DESCRIPTION OF THE TASK ▸
Emit all the data exactly as provided.

INPUT DATA ▸
§

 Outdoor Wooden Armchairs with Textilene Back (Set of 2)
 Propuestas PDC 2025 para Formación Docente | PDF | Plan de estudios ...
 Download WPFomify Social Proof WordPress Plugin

§

ANSWER BELOW ▸
 Outdoor Wooden Armchairs with Textilene Back (Set of 2)
 Propuestas PDC 2025 para Formación Docente | PDF | Plan de estudios ...
 Download WPFomify Social Proof WordPress Plugin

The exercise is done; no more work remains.